In your reply, repeat the full listing exactly and leave each picture out.

■ GIVEN DATA:

--- START ---

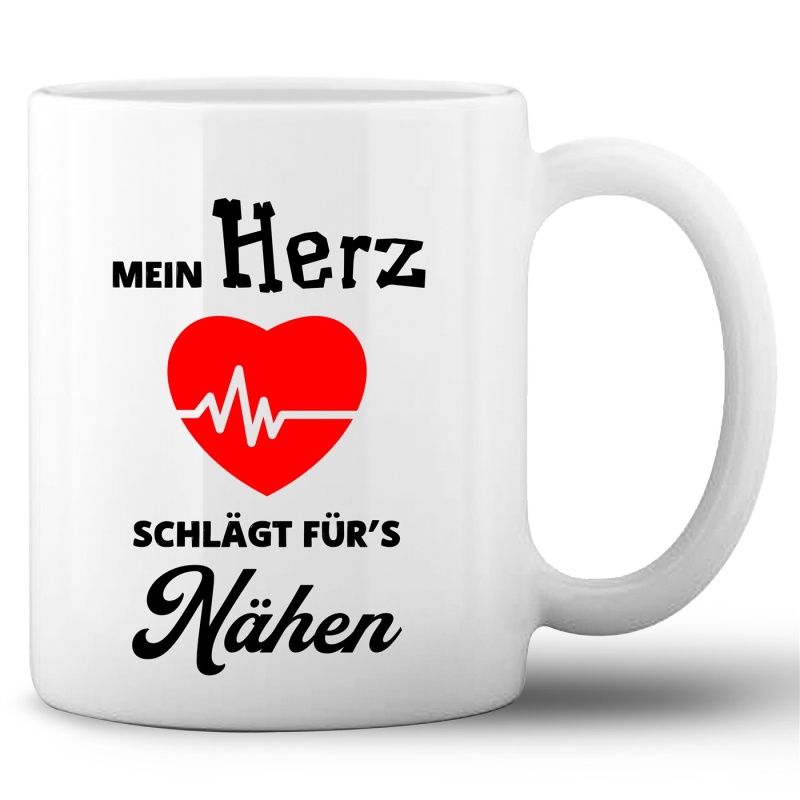 Tasse »Mein Herz schlägt fürs Nähen«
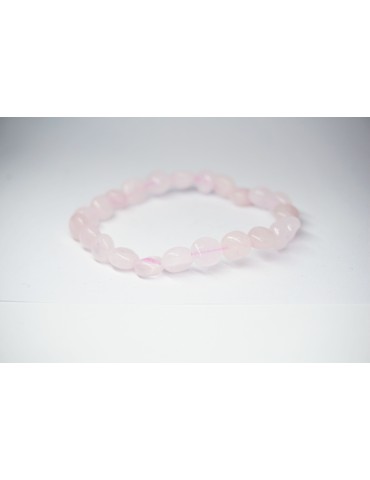 Bracciale di quarzo rosa con piccola pietra levigata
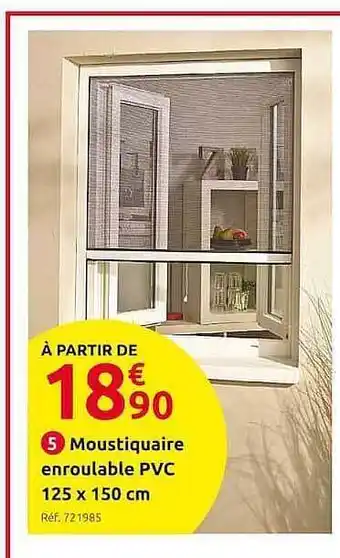 Mr Bricolage Moustiquaire Enroulable Pvc 125 X 150 Cm offre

--- END ---

■ ANSWER AREA:
 Tasse »Mein Herz schlägt fürs Nähen«
 Bracciale di quarzo rosa con piccola pietra levigata
 Mr Bricolage Moustiquaire Enroulable Pvc 125 X 150 Cm offre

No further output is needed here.